Aim of the task: Could you reproduce every record below exactly as written?
Start of Data extracts
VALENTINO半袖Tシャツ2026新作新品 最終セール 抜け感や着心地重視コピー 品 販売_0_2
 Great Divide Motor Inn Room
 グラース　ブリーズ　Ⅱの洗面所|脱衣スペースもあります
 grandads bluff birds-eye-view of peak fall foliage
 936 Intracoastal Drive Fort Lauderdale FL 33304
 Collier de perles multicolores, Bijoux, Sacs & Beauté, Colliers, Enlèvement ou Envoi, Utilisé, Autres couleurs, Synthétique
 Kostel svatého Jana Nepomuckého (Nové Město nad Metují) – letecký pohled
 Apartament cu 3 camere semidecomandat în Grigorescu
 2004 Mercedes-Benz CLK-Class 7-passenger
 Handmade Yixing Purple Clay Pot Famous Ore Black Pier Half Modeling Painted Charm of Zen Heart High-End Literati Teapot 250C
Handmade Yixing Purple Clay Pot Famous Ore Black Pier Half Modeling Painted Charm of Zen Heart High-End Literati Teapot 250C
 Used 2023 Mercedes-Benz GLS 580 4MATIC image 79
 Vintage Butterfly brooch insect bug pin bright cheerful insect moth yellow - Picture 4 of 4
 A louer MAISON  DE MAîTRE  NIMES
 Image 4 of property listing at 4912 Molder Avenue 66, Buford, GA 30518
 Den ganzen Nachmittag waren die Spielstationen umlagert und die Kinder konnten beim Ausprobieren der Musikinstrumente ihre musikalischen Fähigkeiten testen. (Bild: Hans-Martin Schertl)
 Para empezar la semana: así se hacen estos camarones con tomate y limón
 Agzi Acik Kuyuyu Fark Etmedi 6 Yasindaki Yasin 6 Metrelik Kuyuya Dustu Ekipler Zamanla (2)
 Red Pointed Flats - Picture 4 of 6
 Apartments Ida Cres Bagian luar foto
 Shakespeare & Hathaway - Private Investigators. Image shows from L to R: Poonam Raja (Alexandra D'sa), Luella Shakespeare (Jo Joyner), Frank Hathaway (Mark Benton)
End of Data extracts
Finished exercise:
VALENTINO半袖Tシャツ2026新作新品 最終セール 抜け感や着心地重視コピー 品 販売_0_2
 Great Divide Motor Inn Room
 グラース　ブリーズ　Ⅱの洗面所|脱衣スペースもあります
 grandads bluff birds-eye-view of peak fall foliage
 936 Intracoastal Drive Fort Lauderdale FL 33304
 Collier de perles multicolores, Bijoux, Sacs & Beauté, Colliers, Enlèvement ou Envoi, Utilisé, Autres couleurs, Synthétique
 Kostel svatého Jana Nepomuckého (Nové Město nad Metují) – letecký pohled
 Apartament cu 3 camere semidecomandat în Grigorescu
 2004 Mercedes-Benz CLK-Class 7-passenger
 Handmade Yixing Purple Clay Pot Famous Ore Black Pier Half Modeling Painted Charm of Zen Heart High-End Literati Teapot 250C
Handmade Yixing Purple Clay Pot Famous Ore Black Pier Half Modeling Painted Charm of Zen Heart High-End Literati Teapot 250C
 Used 2023 Mercedes-Benz GLS 580 4MATIC image 79
 Vintage Butterfly brooch insect bug pin bright cheerful insect moth yellow - Picture 4 of 4
 A louer MAISON  DE MAîTRE  NIMES
 Image 4 of property listing at 4912 Molder Avenue 66, Buford, GA 30518
 Den ganzen Nachmittag waren die Spielstationen umlagert und die Kinder konnten beim Ausprobieren der Musikinstrumente ihre musikalischen Fähigkeiten testen. (Bild: Hans-Martin Schertl)
 Para empezar la semana: así se hacen estos camarones con tomate y limón
 Agzi Acik Kuyuyu Fark Etmedi 6 Yasindaki Yasin 6 Metrelik Kuyuya Dustu Ekipler Zamanla (2)
 Red Pointed Flats - Picture 4 of 6
 Apartments Ida Cres Bagian luar foto
 Shakespeare & Hathaway - Private Investigators. Image shows from L to R: Poonam Raja (Alexandra D'sa), Luella Shakespeare (Jo Joyner), Frank Hathaway (Mark Benton)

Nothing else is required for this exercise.